Atlantico : Dans son livre "Le meilleur des mondes", Aldoux Huxley anticipait le fait que la société deviendrait bientôt prisonnière de son jusqu’au boutisme scientifique. Sommes-nous proches de ce scénario à l’heure actuelle ?
Anders Sandberg : D’une certaine manière, on peut dire que toutes les sociétés sont prisonnières de leur propre logique, qu’elle soit scientifique, religieuse ou culturelle. C’est tout simplement plus évident lorsqu’il s’agit de la science car son rôle en société se constate au quotidien. Par contre, il est vrai d’affirmer que plus nous maîtrisons la fabrication d’objets automatisés, plus nous leur confions des responsabilités qui étaient jusque-là strictement réservées aux êtres humains.
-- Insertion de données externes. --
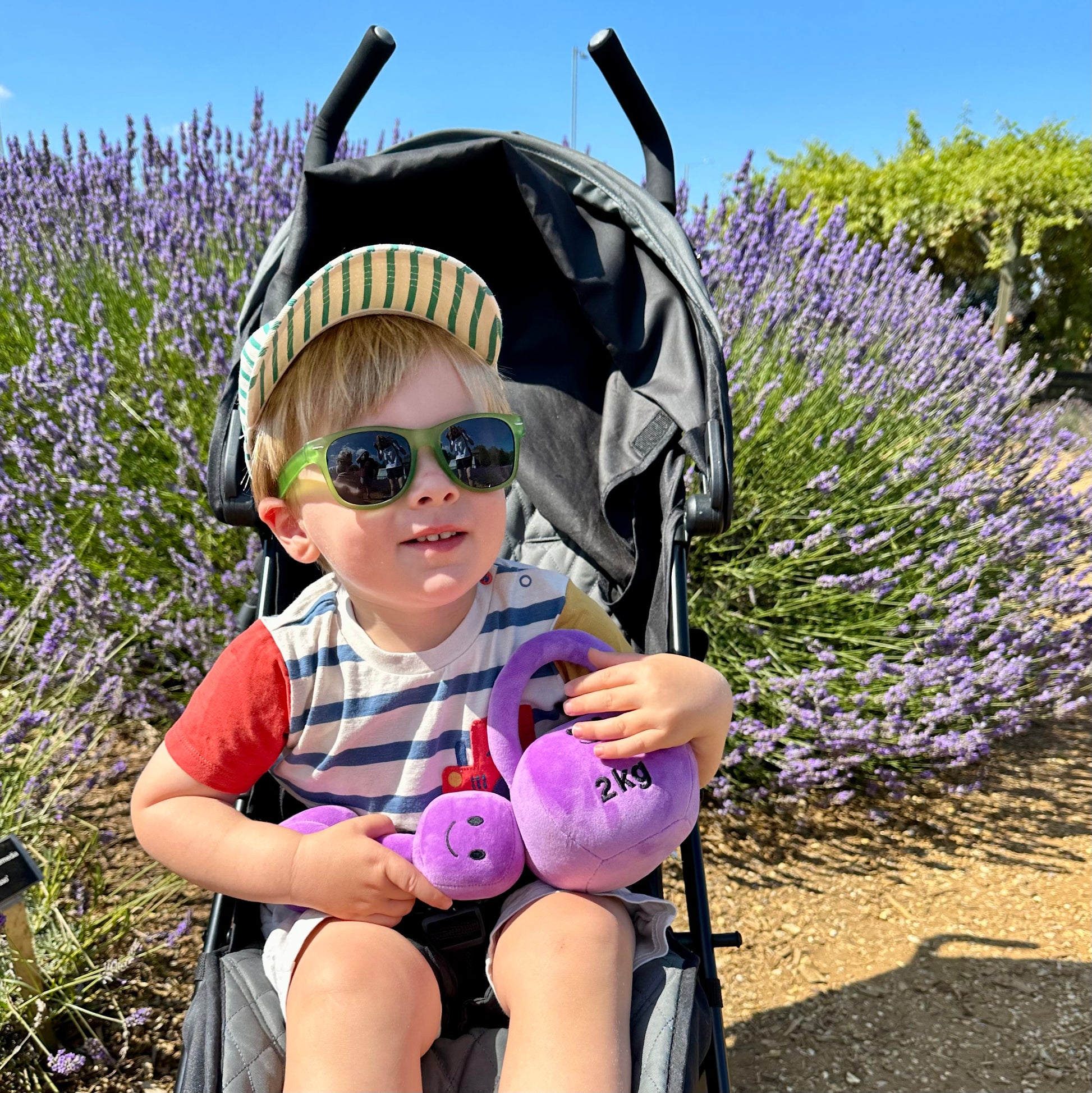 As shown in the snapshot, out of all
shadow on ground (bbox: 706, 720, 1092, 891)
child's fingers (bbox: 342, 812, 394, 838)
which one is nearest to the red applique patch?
child's fingers (bbox: 342, 812, 394, 838)

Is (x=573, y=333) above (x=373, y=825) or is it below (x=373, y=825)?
above

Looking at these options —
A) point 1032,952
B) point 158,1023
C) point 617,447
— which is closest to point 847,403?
point 617,447

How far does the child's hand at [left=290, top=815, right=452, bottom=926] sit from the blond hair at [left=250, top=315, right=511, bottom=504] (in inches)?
21.9

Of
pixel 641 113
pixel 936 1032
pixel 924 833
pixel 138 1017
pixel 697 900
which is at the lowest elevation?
pixel 936 1032

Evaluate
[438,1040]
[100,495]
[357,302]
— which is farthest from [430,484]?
[100,495]

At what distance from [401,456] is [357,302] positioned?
285 mm

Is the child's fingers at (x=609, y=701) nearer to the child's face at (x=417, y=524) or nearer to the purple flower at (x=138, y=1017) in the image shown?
the child's face at (x=417, y=524)

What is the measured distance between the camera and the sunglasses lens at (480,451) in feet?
4.23

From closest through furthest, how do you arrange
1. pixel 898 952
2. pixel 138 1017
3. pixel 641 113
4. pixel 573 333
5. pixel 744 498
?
pixel 138 1017 → pixel 641 113 → pixel 573 333 → pixel 898 952 → pixel 744 498

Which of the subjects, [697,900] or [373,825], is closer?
[373,825]

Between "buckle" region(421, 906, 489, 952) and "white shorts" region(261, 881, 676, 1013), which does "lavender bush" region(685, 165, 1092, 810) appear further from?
"buckle" region(421, 906, 489, 952)

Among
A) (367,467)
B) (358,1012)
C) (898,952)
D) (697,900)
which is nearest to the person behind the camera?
(358,1012)

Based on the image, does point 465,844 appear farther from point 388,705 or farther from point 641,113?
point 641,113

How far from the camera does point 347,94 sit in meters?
2.00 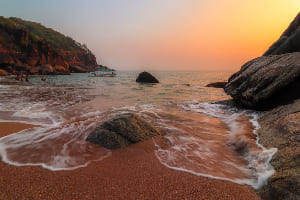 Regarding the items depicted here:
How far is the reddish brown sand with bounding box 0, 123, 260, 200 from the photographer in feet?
6.04

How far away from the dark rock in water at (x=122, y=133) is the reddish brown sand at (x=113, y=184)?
724 mm

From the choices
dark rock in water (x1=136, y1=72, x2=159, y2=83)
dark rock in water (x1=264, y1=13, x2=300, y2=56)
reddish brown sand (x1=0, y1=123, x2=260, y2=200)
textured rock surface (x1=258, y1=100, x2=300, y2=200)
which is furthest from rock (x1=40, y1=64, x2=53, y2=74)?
textured rock surface (x1=258, y1=100, x2=300, y2=200)

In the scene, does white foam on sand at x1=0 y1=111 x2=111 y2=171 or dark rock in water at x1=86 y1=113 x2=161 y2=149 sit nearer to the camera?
white foam on sand at x1=0 y1=111 x2=111 y2=171

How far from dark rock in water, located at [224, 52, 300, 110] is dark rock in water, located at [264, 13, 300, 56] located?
3779mm

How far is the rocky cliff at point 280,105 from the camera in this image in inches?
72.2

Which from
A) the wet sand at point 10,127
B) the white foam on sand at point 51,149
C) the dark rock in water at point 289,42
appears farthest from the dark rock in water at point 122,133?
the dark rock in water at point 289,42

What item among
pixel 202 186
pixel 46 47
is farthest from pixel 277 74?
pixel 46 47

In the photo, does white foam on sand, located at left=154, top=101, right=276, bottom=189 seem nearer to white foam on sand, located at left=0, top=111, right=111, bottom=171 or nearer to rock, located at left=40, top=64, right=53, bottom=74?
white foam on sand, located at left=0, top=111, right=111, bottom=171

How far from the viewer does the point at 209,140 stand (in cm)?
374

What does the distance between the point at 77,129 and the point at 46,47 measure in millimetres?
67302

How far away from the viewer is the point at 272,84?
17.2 ft

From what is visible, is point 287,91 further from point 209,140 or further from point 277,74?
point 209,140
Les machines peuvent aujourd’hui prendre des décisions et des initiatives, comme c’est déjà le cas avec les logiciels de flash-trading. Si ces avancées technologiques sont bien utilisées, elles ne devraient pas heurter l’autonomie des hommes outre-mesure, mais il faut rappeler qu’hélas la conception de toute technologie est imparfaite à l’origine et ne peut se soucier par nature de l’ensemble complexe et divers de nos besoins. On peut évoquer pour illustrer ce propos les réseaux sociaux qui refusent de reconnaître le caractère pluriel de notre identité ou encore les systèmes de correction automatique qui nous induisent parfois en erreur, ce qui prouve selon moi que malgré leur sophistication, ces systèmes ont de fait une compréhension imparfaite de notre identité et de nos intérêts.
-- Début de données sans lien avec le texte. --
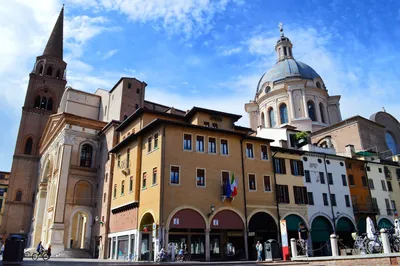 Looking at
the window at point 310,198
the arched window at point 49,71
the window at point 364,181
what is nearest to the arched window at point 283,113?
the window at point 364,181

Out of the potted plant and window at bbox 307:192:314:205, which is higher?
the potted plant

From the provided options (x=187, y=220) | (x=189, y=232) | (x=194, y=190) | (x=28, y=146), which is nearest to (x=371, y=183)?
(x=194, y=190)

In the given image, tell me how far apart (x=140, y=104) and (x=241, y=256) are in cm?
2366

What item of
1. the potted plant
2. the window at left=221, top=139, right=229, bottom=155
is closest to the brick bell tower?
the window at left=221, top=139, right=229, bottom=155

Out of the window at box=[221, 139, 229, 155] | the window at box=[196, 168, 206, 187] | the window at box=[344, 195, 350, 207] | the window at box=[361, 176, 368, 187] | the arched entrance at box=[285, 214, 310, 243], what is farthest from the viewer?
the window at box=[361, 176, 368, 187]

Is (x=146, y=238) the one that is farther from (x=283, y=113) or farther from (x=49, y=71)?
(x=49, y=71)

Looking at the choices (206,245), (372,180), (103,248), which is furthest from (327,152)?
(103,248)

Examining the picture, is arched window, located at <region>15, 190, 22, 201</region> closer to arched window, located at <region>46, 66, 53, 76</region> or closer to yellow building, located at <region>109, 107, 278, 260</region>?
arched window, located at <region>46, 66, 53, 76</region>

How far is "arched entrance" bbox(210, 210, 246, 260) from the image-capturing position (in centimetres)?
2594

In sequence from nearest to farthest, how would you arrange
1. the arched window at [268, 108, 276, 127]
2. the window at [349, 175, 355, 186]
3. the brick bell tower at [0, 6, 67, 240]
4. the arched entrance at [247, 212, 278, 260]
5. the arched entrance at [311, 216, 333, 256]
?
the arched entrance at [247, 212, 278, 260], the arched entrance at [311, 216, 333, 256], the window at [349, 175, 355, 186], the brick bell tower at [0, 6, 67, 240], the arched window at [268, 108, 276, 127]

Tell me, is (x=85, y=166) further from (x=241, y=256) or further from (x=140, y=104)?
(x=241, y=256)

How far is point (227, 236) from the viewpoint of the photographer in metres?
26.9

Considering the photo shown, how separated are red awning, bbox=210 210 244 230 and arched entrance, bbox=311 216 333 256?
28.9 ft

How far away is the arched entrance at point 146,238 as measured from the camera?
25000 millimetres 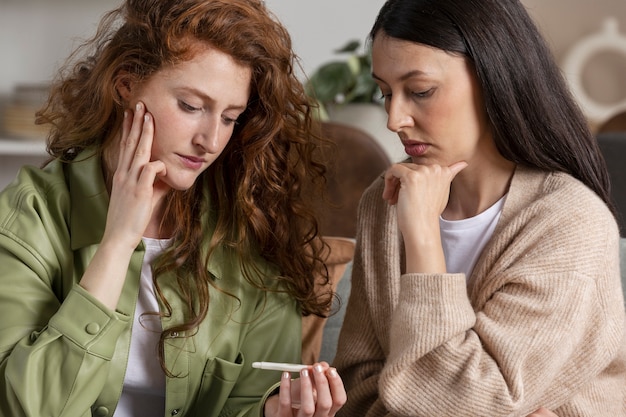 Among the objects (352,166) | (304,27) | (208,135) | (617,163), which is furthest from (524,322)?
(304,27)

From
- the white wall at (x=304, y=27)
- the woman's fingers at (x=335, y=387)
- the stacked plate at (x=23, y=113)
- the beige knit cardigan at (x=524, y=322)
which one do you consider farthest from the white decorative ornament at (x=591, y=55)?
the woman's fingers at (x=335, y=387)

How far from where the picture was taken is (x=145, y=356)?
5.76 feet

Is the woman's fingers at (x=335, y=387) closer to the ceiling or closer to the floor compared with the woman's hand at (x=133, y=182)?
closer to the floor

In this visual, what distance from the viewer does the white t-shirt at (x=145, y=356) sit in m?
1.75

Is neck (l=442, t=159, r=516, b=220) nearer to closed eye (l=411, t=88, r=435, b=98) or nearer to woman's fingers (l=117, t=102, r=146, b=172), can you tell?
closed eye (l=411, t=88, r=435, b=98)

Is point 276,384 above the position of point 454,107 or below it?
below

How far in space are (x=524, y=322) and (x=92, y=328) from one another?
65 centimetres

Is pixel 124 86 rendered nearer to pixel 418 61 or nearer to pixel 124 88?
pixel 124 88

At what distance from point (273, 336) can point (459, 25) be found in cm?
67

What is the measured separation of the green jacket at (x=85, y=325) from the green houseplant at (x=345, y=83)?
1.99 m

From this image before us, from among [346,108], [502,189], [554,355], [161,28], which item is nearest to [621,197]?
[502,189]

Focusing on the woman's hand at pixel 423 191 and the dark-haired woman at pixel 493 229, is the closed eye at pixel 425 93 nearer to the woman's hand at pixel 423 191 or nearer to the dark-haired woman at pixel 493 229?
the dark-haired woman at pixel 493 229

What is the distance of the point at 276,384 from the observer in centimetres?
170

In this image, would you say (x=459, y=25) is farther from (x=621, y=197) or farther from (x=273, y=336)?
(x=621, y=197)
Il ne faudrait pas tomber cependant dans le techno-scepticisme, dans le sens où le progrès scientifique peut apporter confort et sécurité : nous, Européens, vivons dans une ère sans précédente de paix, de prospérité et d’autonomie croissante. Cependant, la probabilité d’un usage mauvais de la technologie peut déboucher sur des conséquences gravissimes, tout particulièrement dans notre époque d’interdépendance économique. Le déclenchement d’une guerre moderne pourrait en effet causer des milliers de pertes quand l’on sait jusqu’où peut aller aujourd’hui la science militaire, et le scénario d’un gouvernement totalitaire fonctionnant sur le principe de la surveillance automatisée, via la vidéo-sécurité ou les réseaux sociaux, n’est pas totalement impensable, bien que cela soit aujourd’hui loin de nous à mon avis.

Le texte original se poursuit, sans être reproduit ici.